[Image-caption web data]

========================================================================

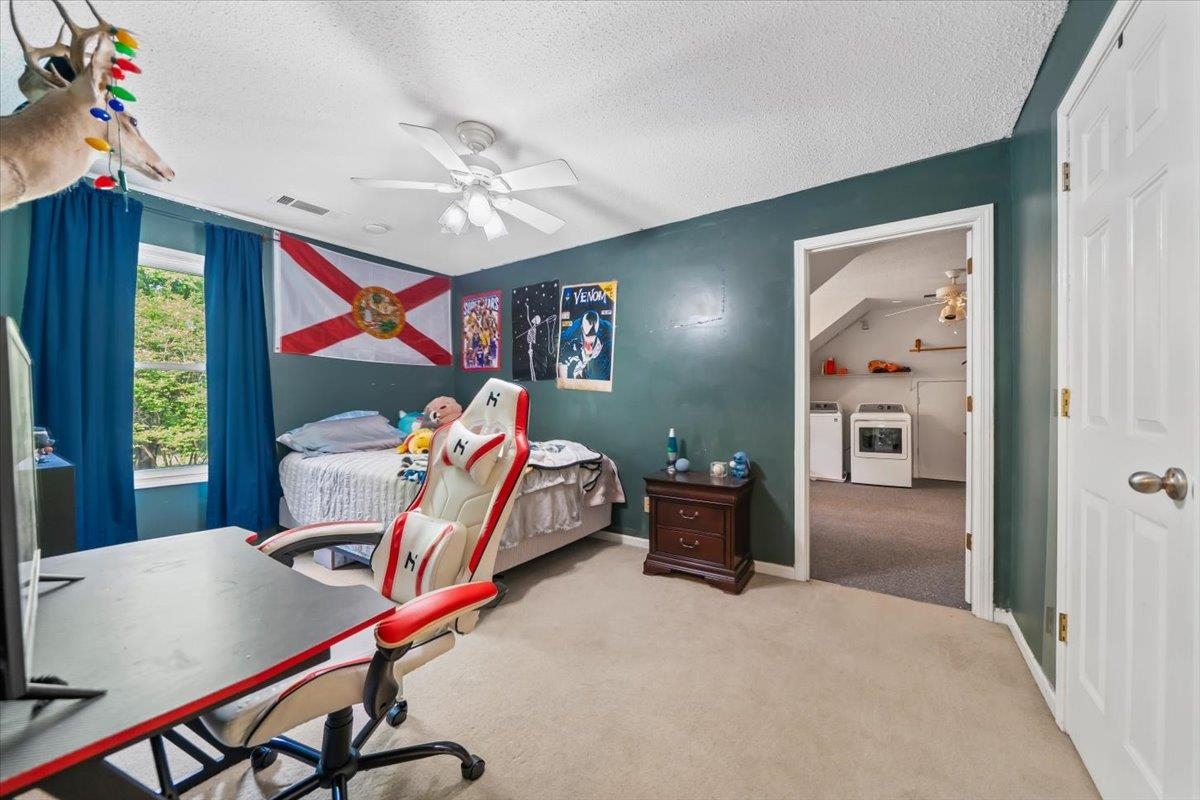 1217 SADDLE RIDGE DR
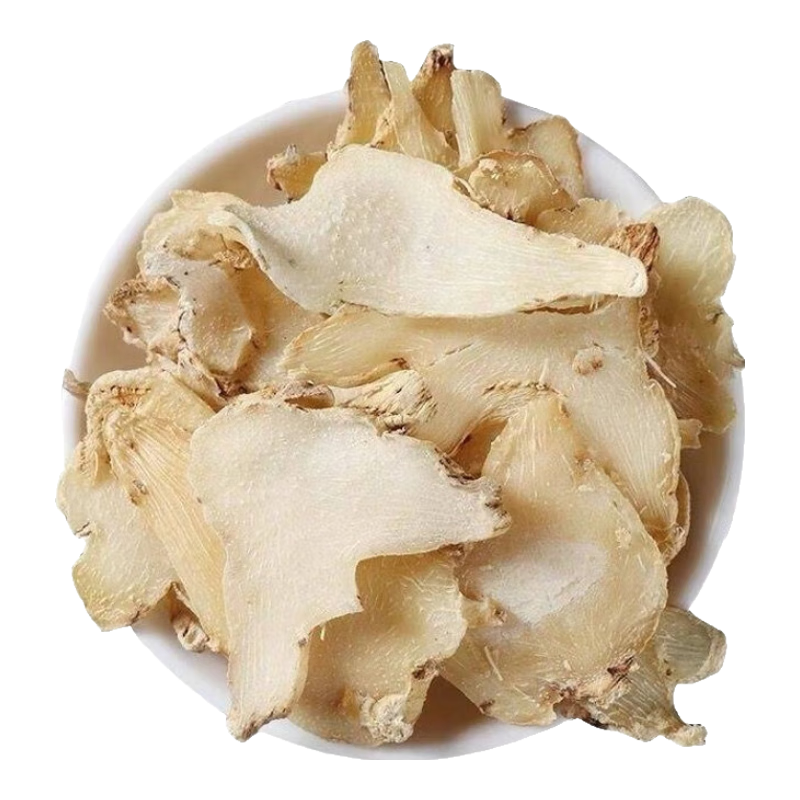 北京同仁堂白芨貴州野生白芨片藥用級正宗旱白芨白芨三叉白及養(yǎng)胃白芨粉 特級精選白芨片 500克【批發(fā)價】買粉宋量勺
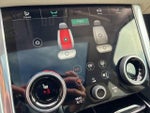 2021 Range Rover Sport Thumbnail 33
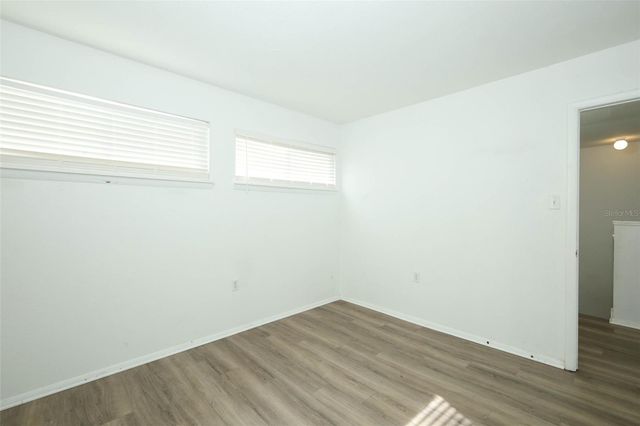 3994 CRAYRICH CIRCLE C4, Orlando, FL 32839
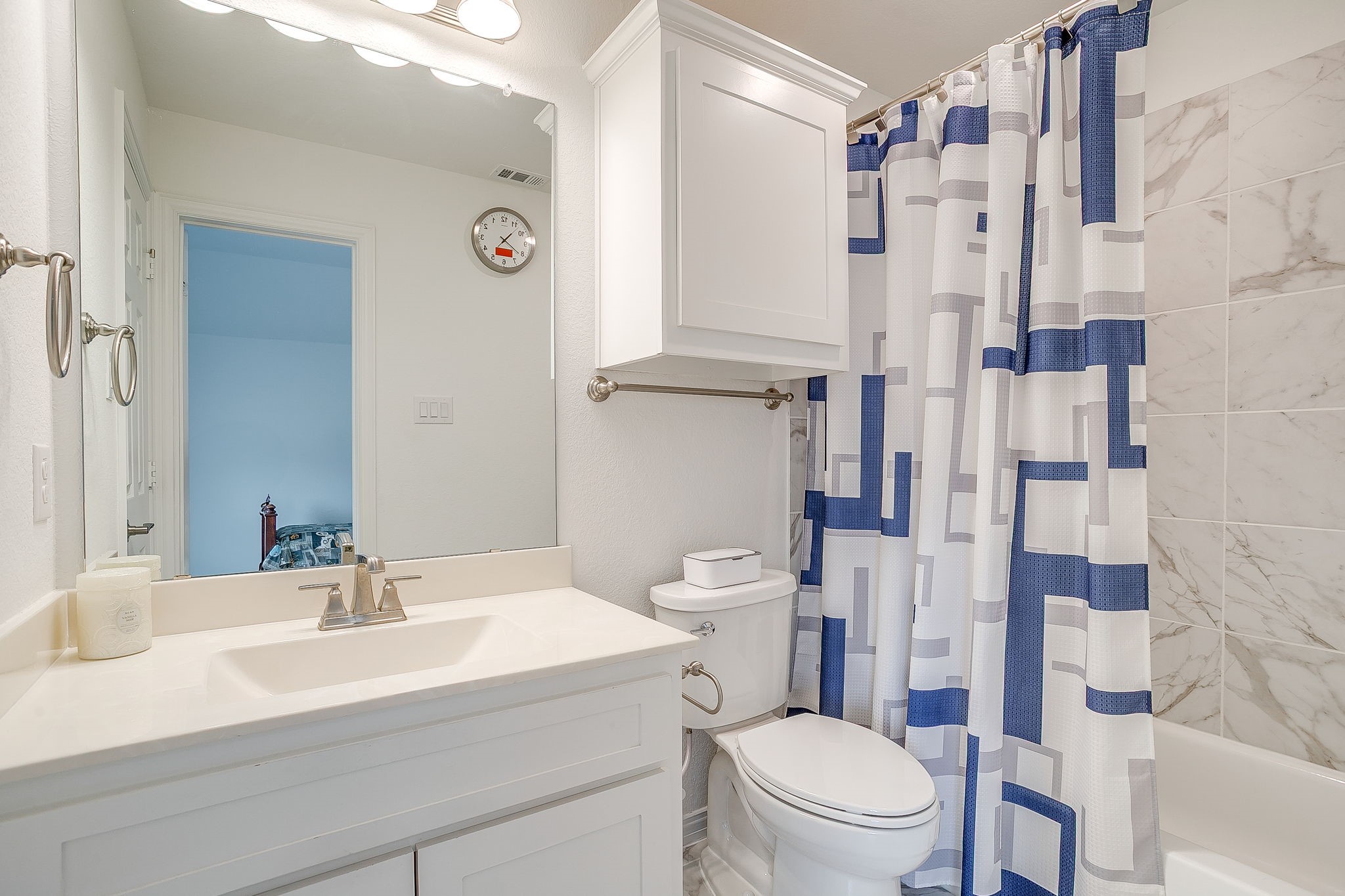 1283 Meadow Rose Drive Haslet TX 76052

========================================================================

■ What the task asks ■
Output the entries above exactly. Drop the pictures.

■ Answer area ■
 1217 SADDLE RIDGE DR
 北京同仁堂白芨貴州野生白芨片藥用級正宗旱白芨白芨三叉白及養(yǎng)胃白芨粉 特級精選白芨片 500克【批發(fā)價】買粉宋量勺
 2021 Range Rover Sport Thumbnail 33
 3994 CRAYRICH CIRCLE C4, Orlando, FL 32839
 1283 Meadow Rose Drive Haslet TX 76052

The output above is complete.